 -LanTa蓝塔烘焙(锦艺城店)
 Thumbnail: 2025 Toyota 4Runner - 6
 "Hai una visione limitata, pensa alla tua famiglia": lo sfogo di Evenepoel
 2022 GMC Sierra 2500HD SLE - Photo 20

...

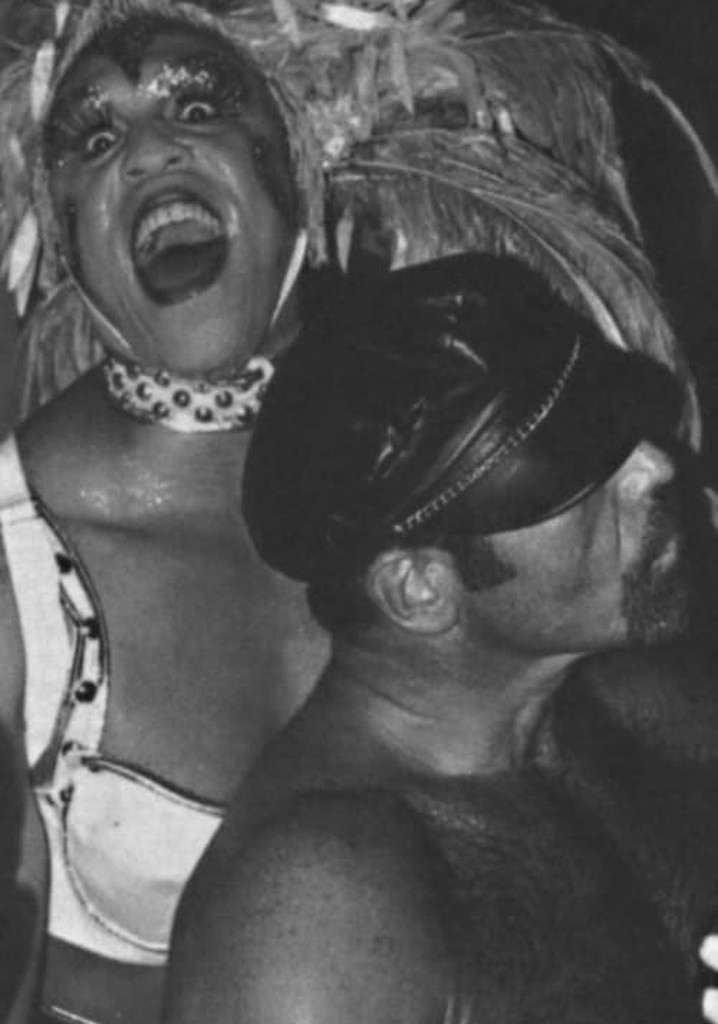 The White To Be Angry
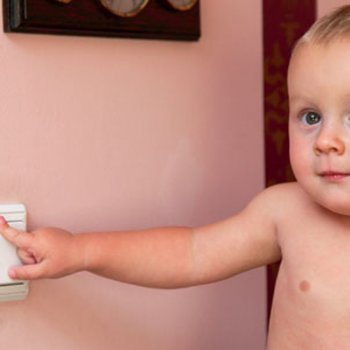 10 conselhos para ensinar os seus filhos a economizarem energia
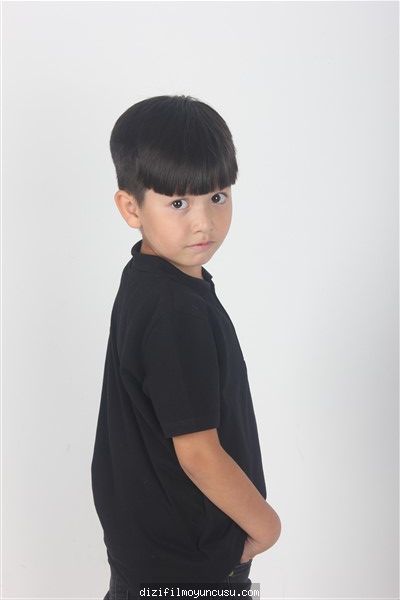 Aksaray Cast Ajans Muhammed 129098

-- What you should do --
Within the material above, the line with "Thumbnail: 2025 Toyota 4Runner - 6" opens the range and the line with "2022 GMC Sierra 2500HD SLE - Photo 20" closes it; reproduce that range word for word.

-- Exercise solution --
 Thumbnail: 2025 Toyota 4Runner - 6
 "Hai una visione limitata, pensa alla tua famiglia": lo sfogo di Evenepoel
 2022 GMC Sierra 2500HD SLE - Photo 20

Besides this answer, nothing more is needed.